• [EXERCISE PROMPT]: For the data that follows, print the line with "For M.2 2280", the line with "Used 1969 Ford", and all lines between them, exactly as they stand. Omit pictures and add nothing.

• [GIVEN INFORMATION]:

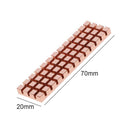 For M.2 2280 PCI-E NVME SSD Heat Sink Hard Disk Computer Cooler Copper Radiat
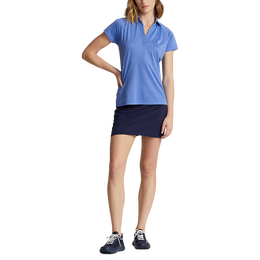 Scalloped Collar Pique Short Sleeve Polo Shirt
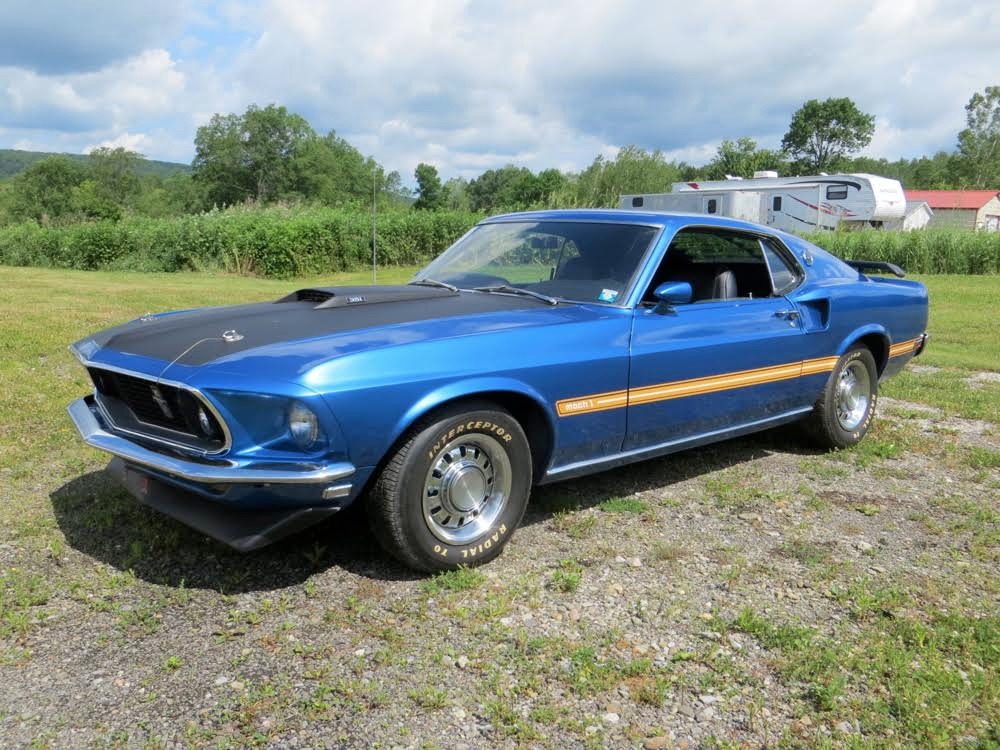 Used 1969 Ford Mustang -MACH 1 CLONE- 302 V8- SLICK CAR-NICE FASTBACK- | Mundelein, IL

* * *

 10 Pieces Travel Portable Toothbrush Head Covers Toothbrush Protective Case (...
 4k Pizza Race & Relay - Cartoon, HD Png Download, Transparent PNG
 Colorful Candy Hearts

• [EXERCISE ANSWER]:
 For M.2 2280 PCI-E NVME SSD Heat Sink Hard Disk Computer Cooler Copper Radiat
 Scalloped Collar Pique Short Sleeve Polo Shirt
 Used 1969 Ford Mustang -MACH 1 CLONE- 302 V8- SLICK CAR-NICE FASTBACK- | Mundelein, IL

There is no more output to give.